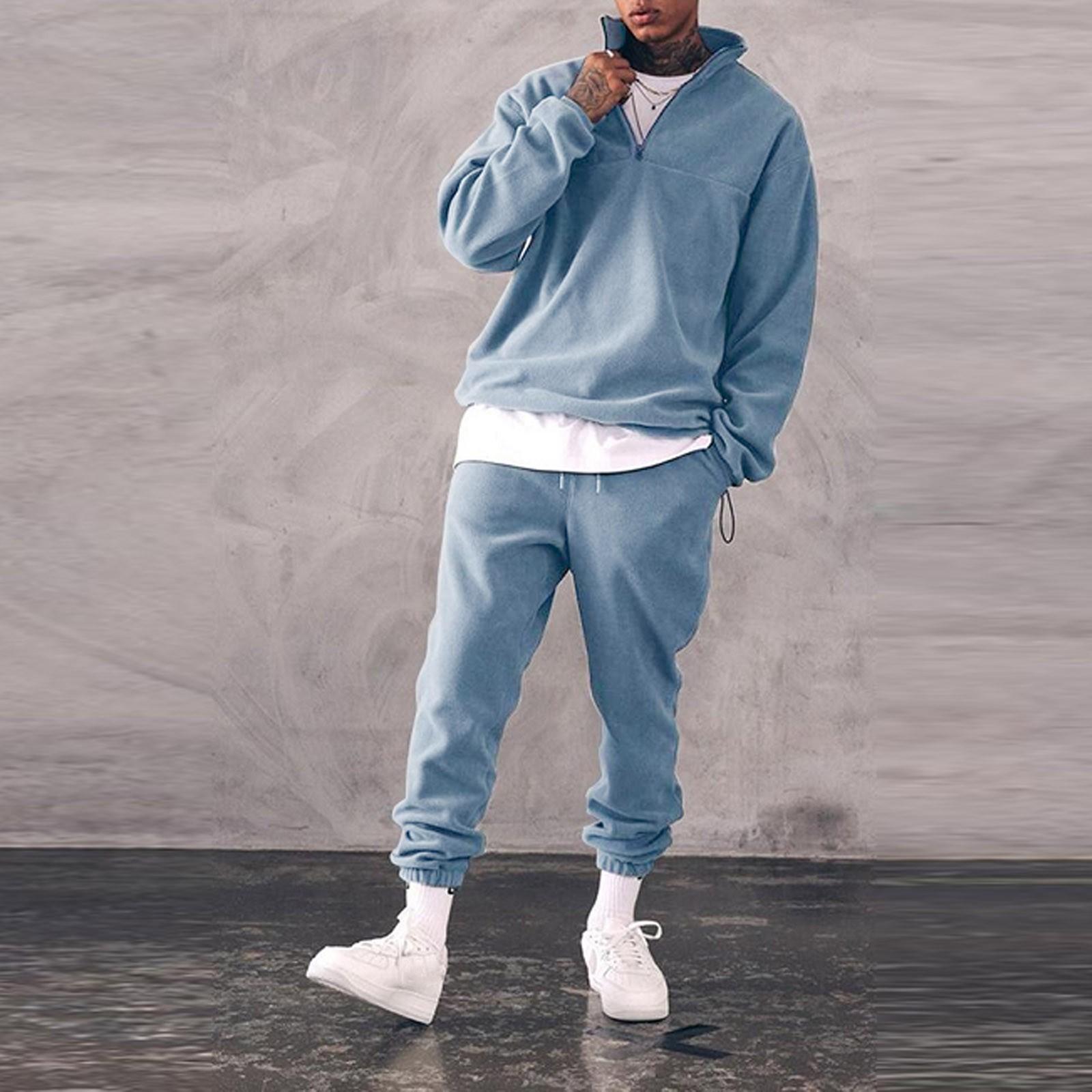 

2 шт., мужской модный однотонный свитер со стоячим воротником, повседневный спортивный домашний костюм M светло-синий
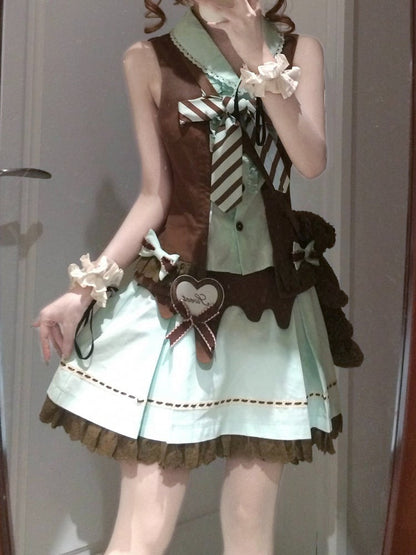 Mint and Cocoa Striped Sleeveless Two-Piece Look Top with Bows - Sweet Dream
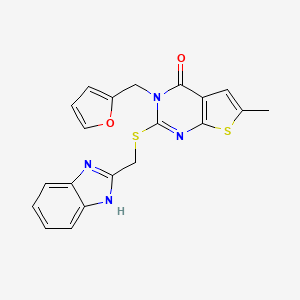 molecular formula C20H16N4O2S2 B2375668 2-(1H-苯并咪唑-2-基甲硫基)-3-(呋喃-2-基甲基)-6-甲基噻吩并[2,3-d]嘧啶-4-酮 CAS No. 876715-02-5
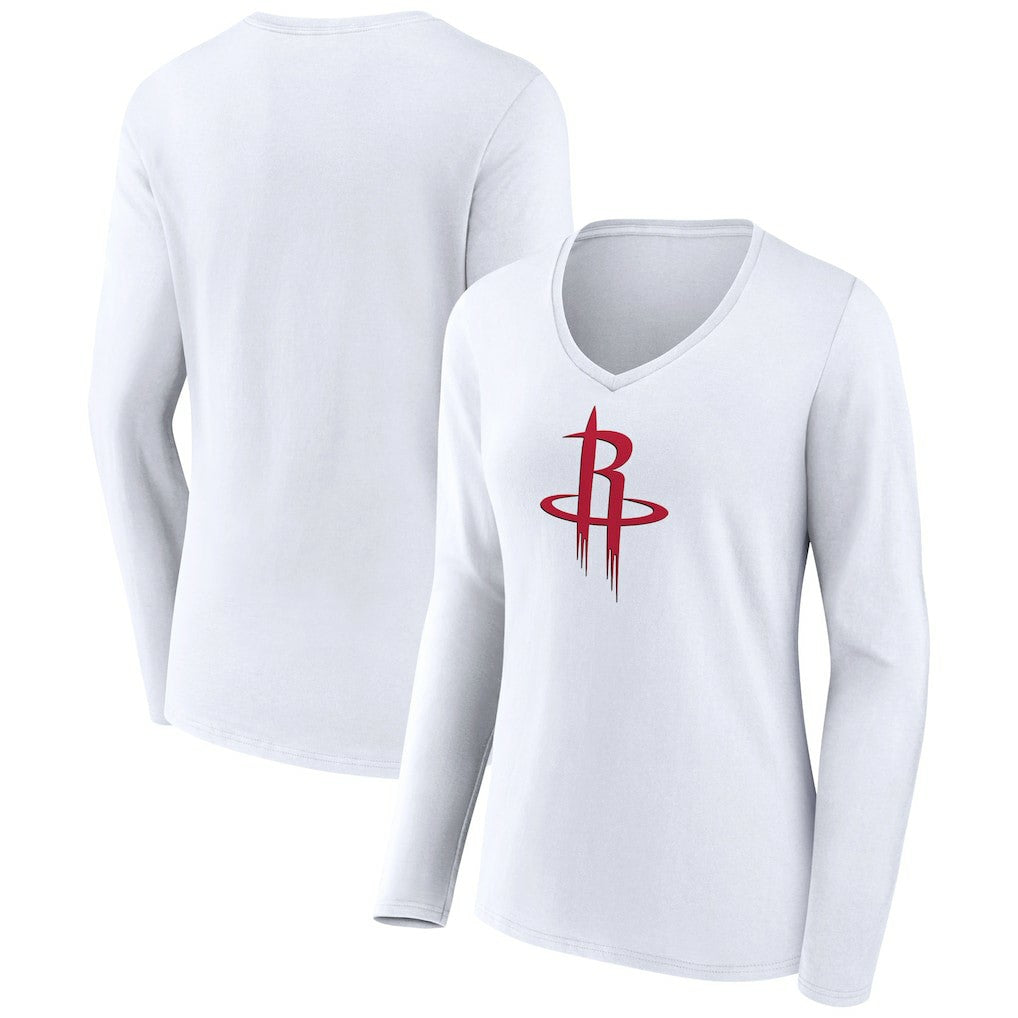 NBA Houston Rockets Women's Logo Long Sleeve V-Neck T-Shirt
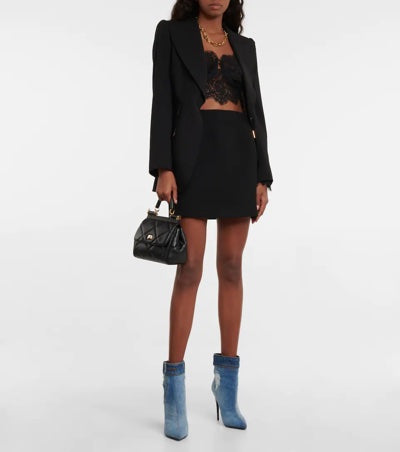 DOLCE &amp; GABBANA PATCHWORK CARDINALE DENIM ANKLE BOOTS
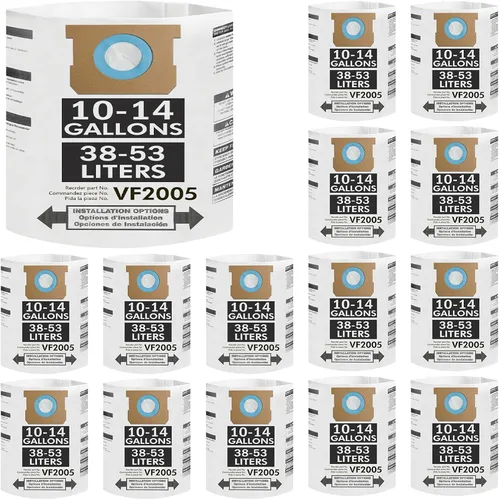 Paquete de 15 bolsas de vacío de 10 a 14 galones compatibles con bolsas de aspiradora de 10 a 14 galones, tipo I #90672 9067200, tipo F #90662
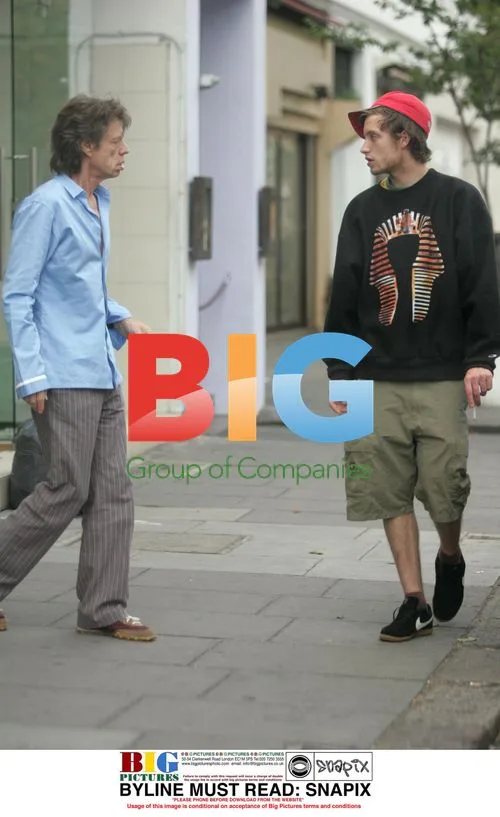 Mick Jagger and son James Jagger shopping in Chelsea
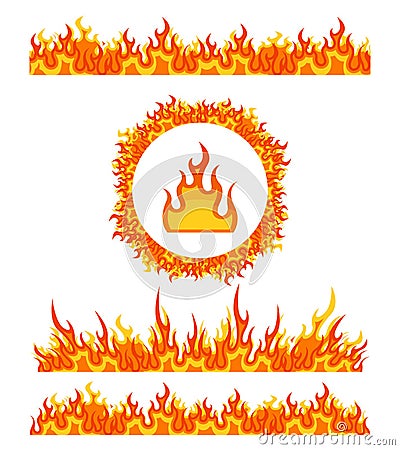 Simple fire border patterns and round frame. Flame borders vector Vector Illustration
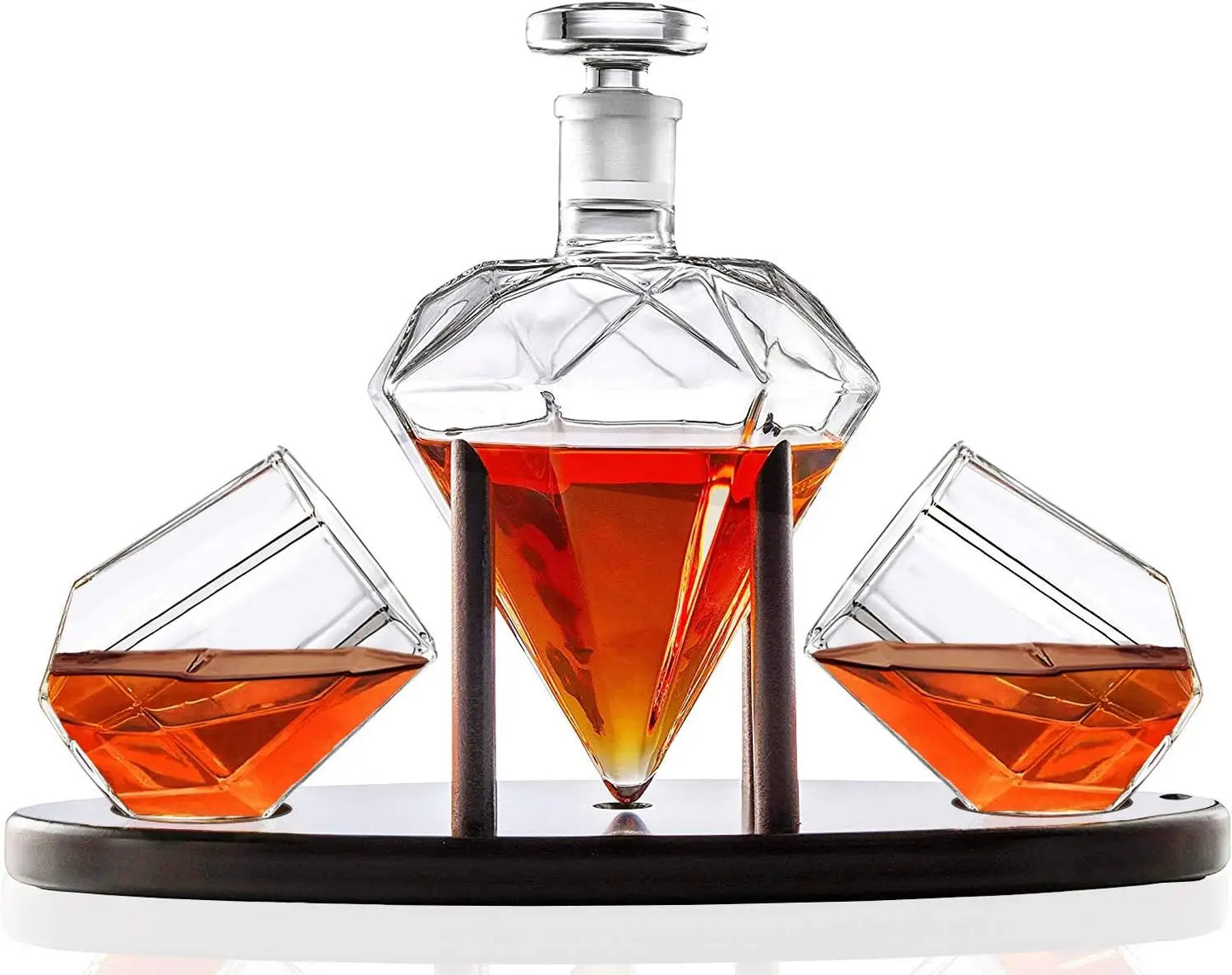 Whiskey Decanter Set *4Pcs - Diamond Shaped - 25 ozs - Mahogany Wood Base - Diningroom Collection
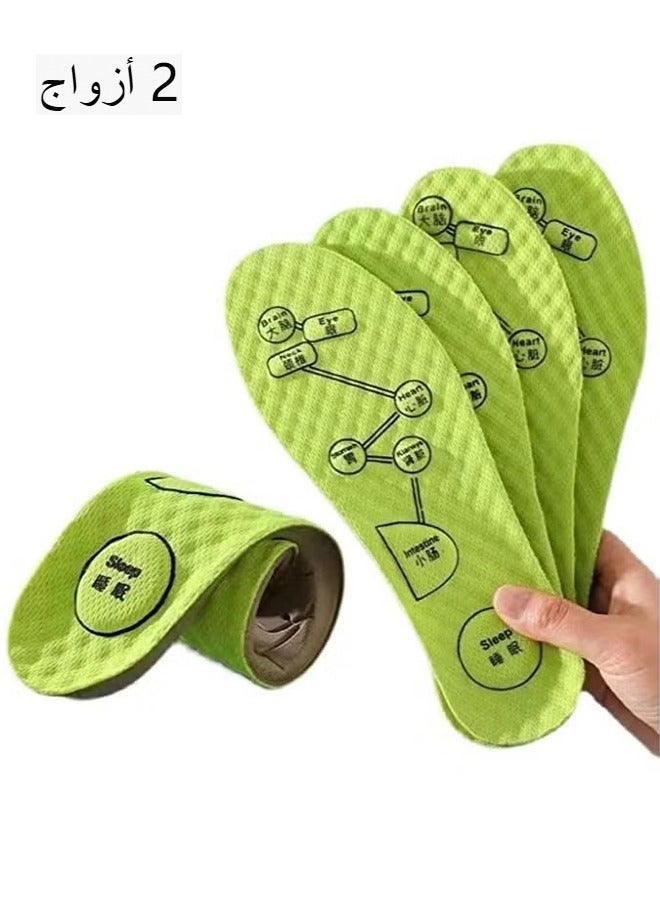 HY Deodorant Insole, Natural Wormwood Insoles, 2 Pairs Relieve Plantar Fasciitis Heel Pain Sole Support, Massage Acupuncture Foot pad Breathable Non-Slip for Run Sports Exercise (Women6-8.5/Men5-7) - Image 1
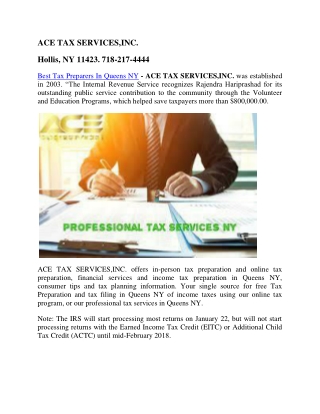 Best Tax Preparers In Queens NY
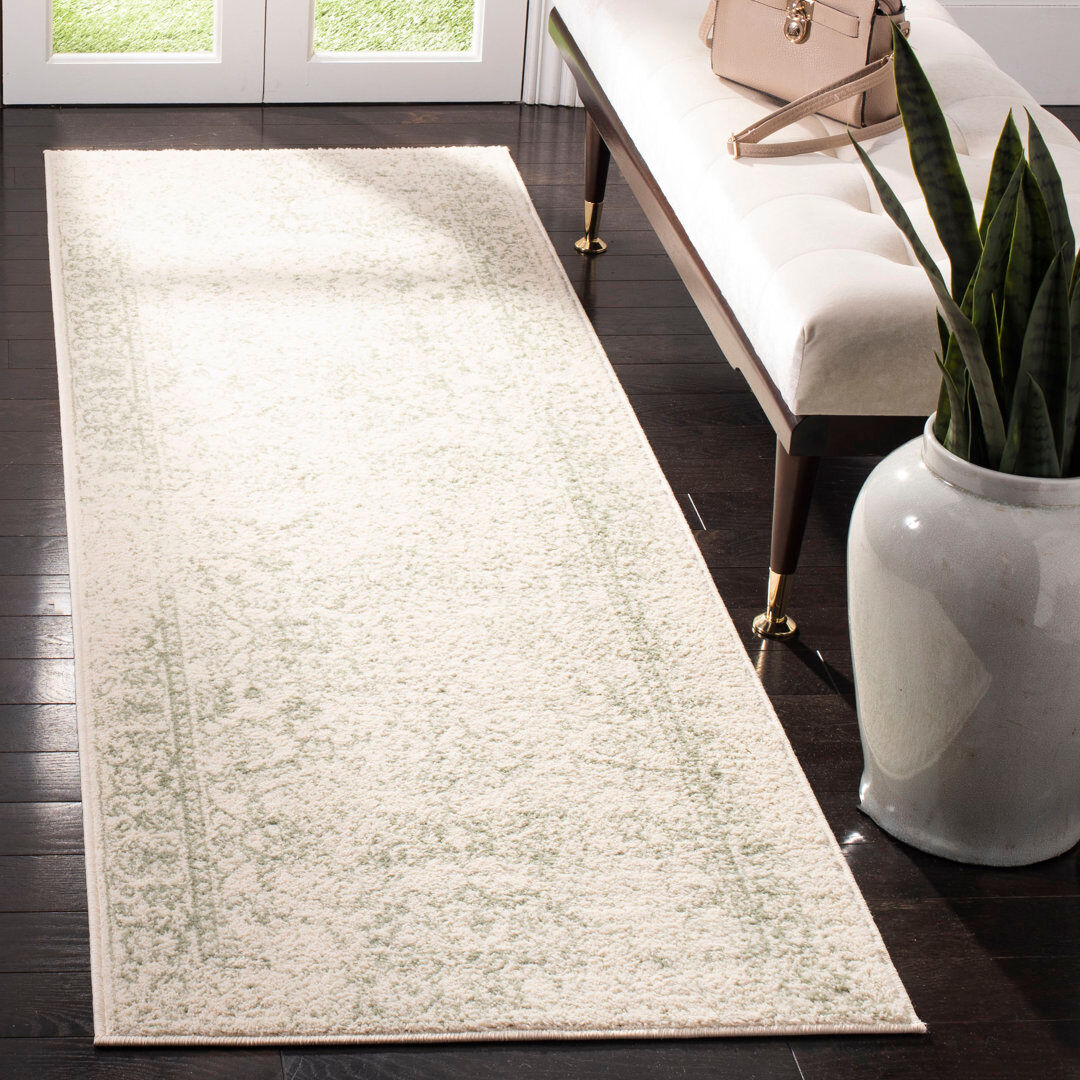 Fernleaf Jacquelyn Floral Area Rug Ivory/Light Green Runner 76 x 305 cm
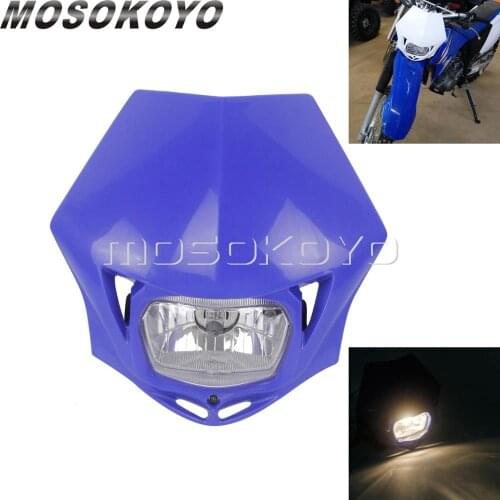 12V 35W HI/LO Beam Motocross Dual Sport Headlight Blue Off Road Front Lamp for Yamaha Kawasaki TTR WR YZ XT KLX 125 230 250 450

● ● ● ● ●

# Assignment:
The pictures stay out; copy the rest of the data word for word.

# Exercise result:
2 шт., мужской модный однотонный свитер со стоячим воротником, повседневный спортивный домашний костюм M светло-синий
 Mint and Cocoa Striped Sleeveless Two-Piece Look Top with Bows - Sweet Dream
 molecular formula C20H16N4O2S2 B2375668 2-(1H-苯并咪唑-2-基甲硫基)-3-(呋喃-2-基甲基)-6-甲基噻吩并[2,3-d]嘧啶-4-酮 CAS No. 876715-02-5
 NBA Houston Rockets Women's Logo Long Sleeve V-Neck T-Shirt
 DOLCE &amp; GABBANA PATCHWORK CARDINALE DENIM ANKLE BOOTS
 Paquete de 15 bolsas de vacío de 10 a 14 galones compatibles con bolsas de aspiradora de 10 a 14 galones, tipo I #90672 9067200, tipo F #90662
 Mick Jagger and son James Jagger shopping in Chelsea
 Simple fire border patterns and round frame. Flame borders vector Vector Illustration
 Whiskey Decanter Set *4Pcs - Diamond Shaped - 25 ozs - Mahogany Wood Base - Diningroom Collection
 HY Deodorant Insole, Natural Wormwood Insoles, 2 Pairs Relieve Plantar Fasciitis Heel Pain Sole Support, Massage Acupuncture Foot pad Breathable Non-Slip for Run Sports Exercise (Women6-8.5/Men5-7) - Image 1
 Best Tax Preparers In Queens NY
 Fernleaf Jacquelyn Floral Area Rug Ivory/Light Green Runner 76 x 305 cm
 12V 35W HI/LO Beam Motocross Dual Sport Headlight Blue Off Road Front Lamp for Yamaha Kawasaki TTR WR YZ XT KLX 125 230 250 450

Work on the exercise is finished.